THE TASK:
Note how many lines in these entries contain "Owned", and reply with that number alone.

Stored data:
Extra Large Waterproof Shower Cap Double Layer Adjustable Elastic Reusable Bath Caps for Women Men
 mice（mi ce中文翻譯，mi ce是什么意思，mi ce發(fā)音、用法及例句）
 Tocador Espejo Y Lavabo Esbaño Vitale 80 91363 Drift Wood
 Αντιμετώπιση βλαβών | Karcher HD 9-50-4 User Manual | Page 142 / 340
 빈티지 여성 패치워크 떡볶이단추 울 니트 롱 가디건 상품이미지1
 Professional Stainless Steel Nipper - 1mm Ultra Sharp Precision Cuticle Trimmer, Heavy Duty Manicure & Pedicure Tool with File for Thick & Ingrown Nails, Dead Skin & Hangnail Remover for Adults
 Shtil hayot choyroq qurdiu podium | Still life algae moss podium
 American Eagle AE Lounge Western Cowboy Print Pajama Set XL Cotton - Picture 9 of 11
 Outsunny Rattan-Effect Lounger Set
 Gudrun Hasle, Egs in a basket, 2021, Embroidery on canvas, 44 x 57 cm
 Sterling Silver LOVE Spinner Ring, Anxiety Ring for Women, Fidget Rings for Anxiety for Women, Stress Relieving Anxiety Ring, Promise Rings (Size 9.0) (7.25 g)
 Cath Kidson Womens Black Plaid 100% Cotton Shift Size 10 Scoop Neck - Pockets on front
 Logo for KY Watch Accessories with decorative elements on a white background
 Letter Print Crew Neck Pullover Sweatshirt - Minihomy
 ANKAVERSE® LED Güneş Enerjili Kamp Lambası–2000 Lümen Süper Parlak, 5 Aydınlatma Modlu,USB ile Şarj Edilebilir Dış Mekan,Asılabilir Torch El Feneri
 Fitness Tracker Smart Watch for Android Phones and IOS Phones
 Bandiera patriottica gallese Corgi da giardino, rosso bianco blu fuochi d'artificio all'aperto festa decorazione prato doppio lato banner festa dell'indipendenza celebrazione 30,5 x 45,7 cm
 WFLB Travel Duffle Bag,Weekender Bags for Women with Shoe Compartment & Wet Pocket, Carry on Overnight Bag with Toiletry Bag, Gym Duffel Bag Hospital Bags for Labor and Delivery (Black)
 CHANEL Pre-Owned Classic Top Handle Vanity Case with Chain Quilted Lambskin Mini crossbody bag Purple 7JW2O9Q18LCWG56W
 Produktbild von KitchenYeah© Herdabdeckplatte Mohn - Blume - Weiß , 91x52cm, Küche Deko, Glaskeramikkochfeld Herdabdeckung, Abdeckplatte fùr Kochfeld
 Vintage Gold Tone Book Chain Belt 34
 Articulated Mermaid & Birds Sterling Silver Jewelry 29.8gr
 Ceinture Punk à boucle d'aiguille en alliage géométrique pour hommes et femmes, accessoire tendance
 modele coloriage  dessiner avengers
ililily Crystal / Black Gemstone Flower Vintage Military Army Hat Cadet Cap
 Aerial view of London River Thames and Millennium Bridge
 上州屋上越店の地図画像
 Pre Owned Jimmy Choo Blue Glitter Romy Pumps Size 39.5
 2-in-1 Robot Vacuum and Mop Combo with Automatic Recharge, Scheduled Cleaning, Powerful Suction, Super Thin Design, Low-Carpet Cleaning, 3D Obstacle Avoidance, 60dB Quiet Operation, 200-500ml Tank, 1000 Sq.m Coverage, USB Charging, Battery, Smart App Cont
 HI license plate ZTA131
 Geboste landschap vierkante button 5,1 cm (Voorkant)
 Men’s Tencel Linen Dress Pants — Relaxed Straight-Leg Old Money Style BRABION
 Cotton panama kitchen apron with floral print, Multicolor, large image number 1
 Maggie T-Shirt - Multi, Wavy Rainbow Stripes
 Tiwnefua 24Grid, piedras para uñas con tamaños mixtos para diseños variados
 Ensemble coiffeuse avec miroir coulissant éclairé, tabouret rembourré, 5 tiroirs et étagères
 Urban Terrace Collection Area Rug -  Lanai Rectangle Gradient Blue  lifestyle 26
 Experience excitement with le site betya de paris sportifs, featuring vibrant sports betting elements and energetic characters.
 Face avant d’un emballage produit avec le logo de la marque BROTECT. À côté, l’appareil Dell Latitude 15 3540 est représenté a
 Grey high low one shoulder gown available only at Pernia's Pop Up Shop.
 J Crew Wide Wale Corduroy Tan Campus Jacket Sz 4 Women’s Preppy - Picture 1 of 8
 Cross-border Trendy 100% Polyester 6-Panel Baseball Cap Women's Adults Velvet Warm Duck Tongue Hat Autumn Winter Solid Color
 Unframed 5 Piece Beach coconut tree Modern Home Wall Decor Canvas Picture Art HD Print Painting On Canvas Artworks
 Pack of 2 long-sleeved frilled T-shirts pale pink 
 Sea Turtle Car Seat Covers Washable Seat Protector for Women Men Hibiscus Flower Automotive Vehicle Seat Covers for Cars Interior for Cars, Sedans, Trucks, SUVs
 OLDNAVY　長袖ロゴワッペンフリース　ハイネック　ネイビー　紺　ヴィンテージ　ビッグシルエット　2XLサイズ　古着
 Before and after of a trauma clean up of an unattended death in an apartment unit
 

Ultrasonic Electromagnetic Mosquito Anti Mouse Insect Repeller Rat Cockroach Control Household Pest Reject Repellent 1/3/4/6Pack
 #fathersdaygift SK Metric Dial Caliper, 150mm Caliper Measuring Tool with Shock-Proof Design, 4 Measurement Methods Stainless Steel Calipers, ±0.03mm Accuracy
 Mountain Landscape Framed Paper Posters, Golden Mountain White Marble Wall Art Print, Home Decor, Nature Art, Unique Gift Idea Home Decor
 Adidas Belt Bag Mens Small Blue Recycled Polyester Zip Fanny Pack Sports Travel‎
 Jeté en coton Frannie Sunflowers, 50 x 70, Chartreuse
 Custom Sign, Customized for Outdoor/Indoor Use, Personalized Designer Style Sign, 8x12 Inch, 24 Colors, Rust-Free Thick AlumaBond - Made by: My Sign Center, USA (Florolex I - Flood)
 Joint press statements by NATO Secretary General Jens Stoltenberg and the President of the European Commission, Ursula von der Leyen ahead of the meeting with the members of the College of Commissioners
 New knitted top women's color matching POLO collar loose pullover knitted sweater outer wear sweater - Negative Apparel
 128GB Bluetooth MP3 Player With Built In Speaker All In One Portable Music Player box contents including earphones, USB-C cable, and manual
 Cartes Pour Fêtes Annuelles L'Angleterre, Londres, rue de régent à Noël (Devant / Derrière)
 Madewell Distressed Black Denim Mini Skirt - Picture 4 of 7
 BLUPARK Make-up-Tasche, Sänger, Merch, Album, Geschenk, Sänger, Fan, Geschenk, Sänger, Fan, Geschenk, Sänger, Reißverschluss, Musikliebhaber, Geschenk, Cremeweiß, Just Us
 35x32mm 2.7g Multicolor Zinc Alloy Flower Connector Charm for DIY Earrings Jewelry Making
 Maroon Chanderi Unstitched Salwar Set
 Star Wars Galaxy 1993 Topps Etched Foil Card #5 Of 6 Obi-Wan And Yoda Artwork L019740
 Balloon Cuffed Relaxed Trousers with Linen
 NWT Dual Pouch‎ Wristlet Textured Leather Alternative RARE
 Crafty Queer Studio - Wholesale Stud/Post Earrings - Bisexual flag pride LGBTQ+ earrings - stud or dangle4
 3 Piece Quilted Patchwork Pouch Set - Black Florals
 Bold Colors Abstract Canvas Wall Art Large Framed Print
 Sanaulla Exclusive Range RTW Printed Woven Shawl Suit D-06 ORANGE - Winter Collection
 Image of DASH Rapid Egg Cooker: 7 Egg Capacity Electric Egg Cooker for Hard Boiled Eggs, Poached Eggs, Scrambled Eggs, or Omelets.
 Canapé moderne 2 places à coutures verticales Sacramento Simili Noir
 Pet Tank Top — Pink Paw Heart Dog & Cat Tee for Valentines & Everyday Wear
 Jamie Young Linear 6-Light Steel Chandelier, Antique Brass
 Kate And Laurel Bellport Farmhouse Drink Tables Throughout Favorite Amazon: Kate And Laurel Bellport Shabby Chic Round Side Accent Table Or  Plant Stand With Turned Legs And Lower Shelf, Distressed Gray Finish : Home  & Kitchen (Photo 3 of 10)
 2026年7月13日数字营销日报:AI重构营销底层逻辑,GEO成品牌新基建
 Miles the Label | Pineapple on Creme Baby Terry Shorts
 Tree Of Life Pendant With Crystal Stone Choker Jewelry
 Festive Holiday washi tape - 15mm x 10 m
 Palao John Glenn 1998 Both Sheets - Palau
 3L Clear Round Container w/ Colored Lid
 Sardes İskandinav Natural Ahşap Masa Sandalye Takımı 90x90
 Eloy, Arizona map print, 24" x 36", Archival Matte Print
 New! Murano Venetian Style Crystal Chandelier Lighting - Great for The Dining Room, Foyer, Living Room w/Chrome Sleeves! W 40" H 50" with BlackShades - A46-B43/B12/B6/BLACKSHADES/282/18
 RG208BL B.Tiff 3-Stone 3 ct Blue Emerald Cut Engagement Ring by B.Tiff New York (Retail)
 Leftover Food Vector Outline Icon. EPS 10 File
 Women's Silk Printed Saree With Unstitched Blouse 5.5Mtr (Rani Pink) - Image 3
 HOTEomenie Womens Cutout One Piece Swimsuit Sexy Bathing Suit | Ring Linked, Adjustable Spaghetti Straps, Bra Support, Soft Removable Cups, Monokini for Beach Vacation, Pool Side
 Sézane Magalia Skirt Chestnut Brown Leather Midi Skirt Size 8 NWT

OUTPUT FOR THIS TASK:
2